▶ [Your goal]:
Please give back all the records exactly, but keep the pictures out.
━━━━━━━━
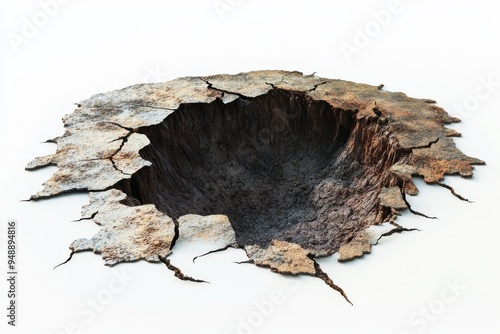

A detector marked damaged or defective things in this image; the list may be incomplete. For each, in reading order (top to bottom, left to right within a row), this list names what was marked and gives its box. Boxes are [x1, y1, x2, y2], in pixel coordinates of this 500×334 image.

broken concrete [27, 70, 484, 302]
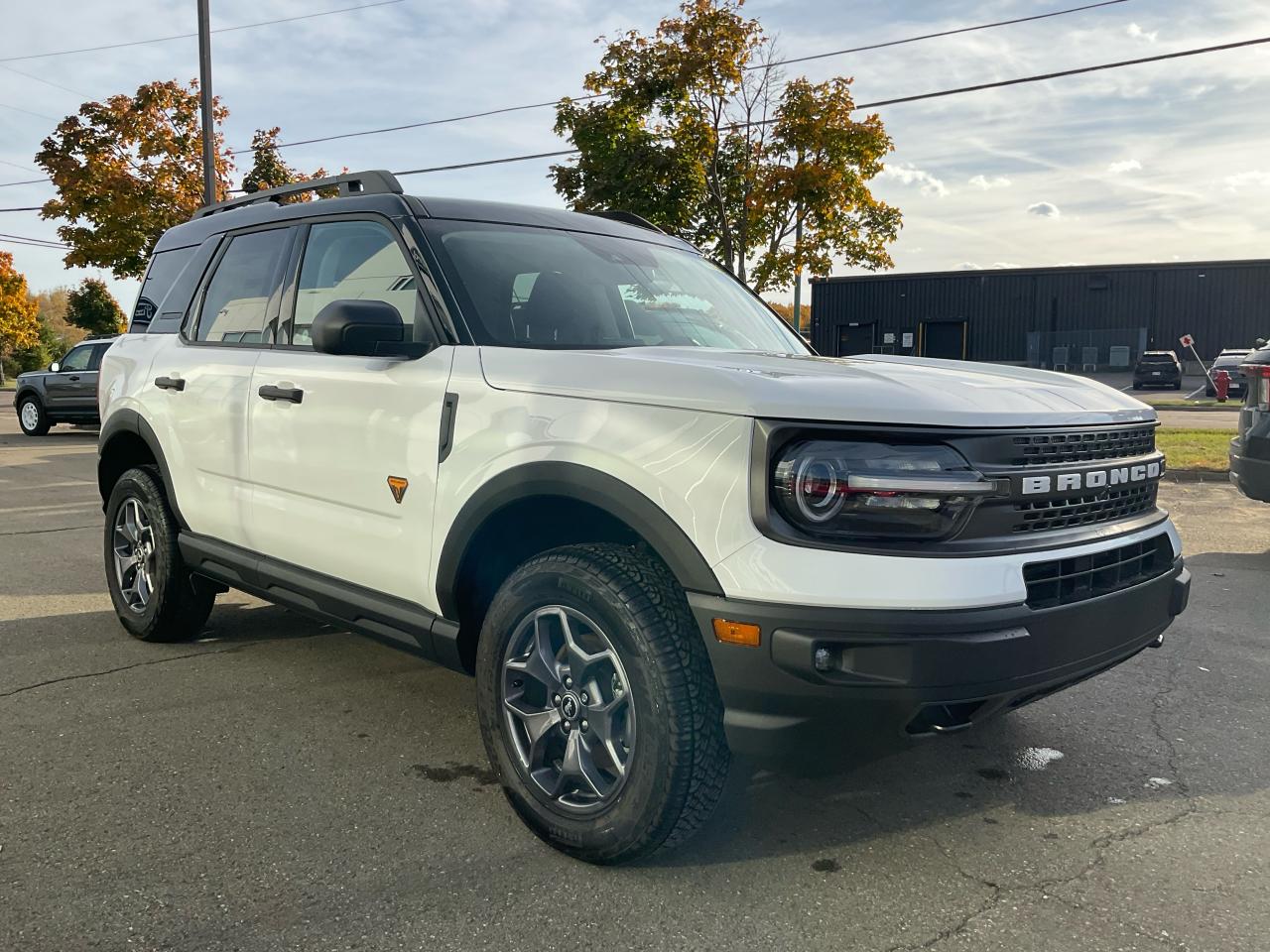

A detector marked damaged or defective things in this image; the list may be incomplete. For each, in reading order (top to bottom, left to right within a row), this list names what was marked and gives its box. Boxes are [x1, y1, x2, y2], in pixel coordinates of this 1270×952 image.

crack in pavement [0, 650, 242, 700]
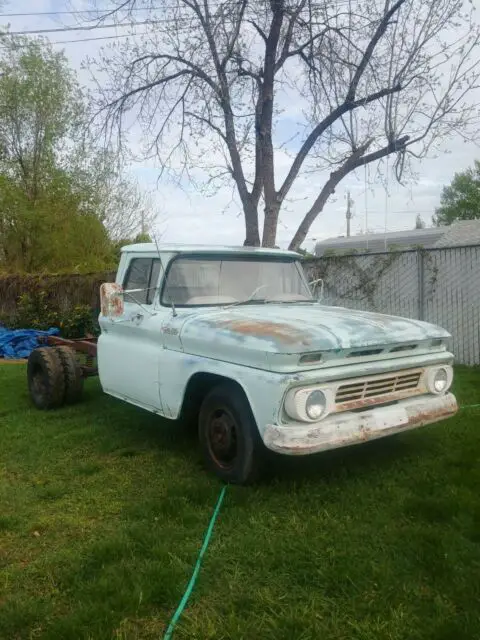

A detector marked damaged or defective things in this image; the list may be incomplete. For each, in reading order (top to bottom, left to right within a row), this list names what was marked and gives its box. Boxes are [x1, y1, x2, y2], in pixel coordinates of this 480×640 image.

rust spot on fender [215, 316, 312, 342]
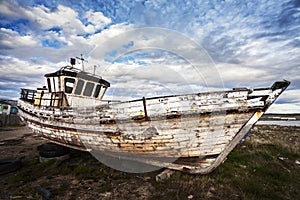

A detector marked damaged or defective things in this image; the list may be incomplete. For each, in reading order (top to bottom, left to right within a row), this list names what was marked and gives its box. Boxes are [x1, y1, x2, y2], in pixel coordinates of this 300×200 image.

chipped paint surface [17, 80, 290, 173]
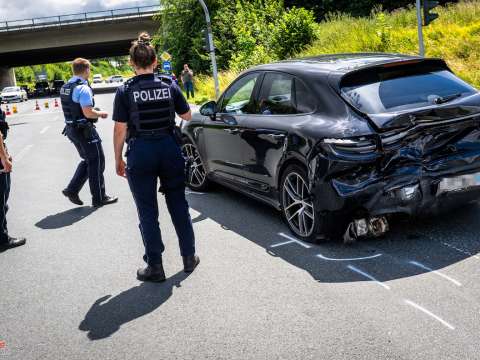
━━━━━━━━
▶ [Answer space]:
A detector marked damaged or defective things in this image; the list may be incomplete. For each, in reading order (top to bottom, left to right within a row), this list names what was marked and gives its box. Boxes are [x1, y1, x2, y2], in pixel coordinates of this 500×334 image.

broken concrete [27, 70, 484, 302]

A detector marked damaged or defective things in this image; the list may be incomplete. For each, in reading order (top to bottom, left to right within a row), this list names what was marked and gives its box. Boxes are [x1, y1, x2, y2], in pixel coordinates of this 1270×952 image.

crack in pavement [0, 650, 242, 700]

A detector marked damaged or defective things in this image; the list may be incomplete. For each, in reading order (top to bottom, left to right within a row), this list names what was marked and gives its box. Boxes are [x1, y1, x2, y2], in pixel coordinates of this 480×640 image.

rust spot on fender [215, 316, 312, 342]

A detector marked damaged or defective things in this image; the list may be incomplete. For each, in reading order (top to bottom, left to right within a row), this list names what was marked and gives its box. Boxes are [x1, y1, x2, y2], in pixel coordinates of this 300×200 image.

chipped paint surface [17, 80, 290, 173]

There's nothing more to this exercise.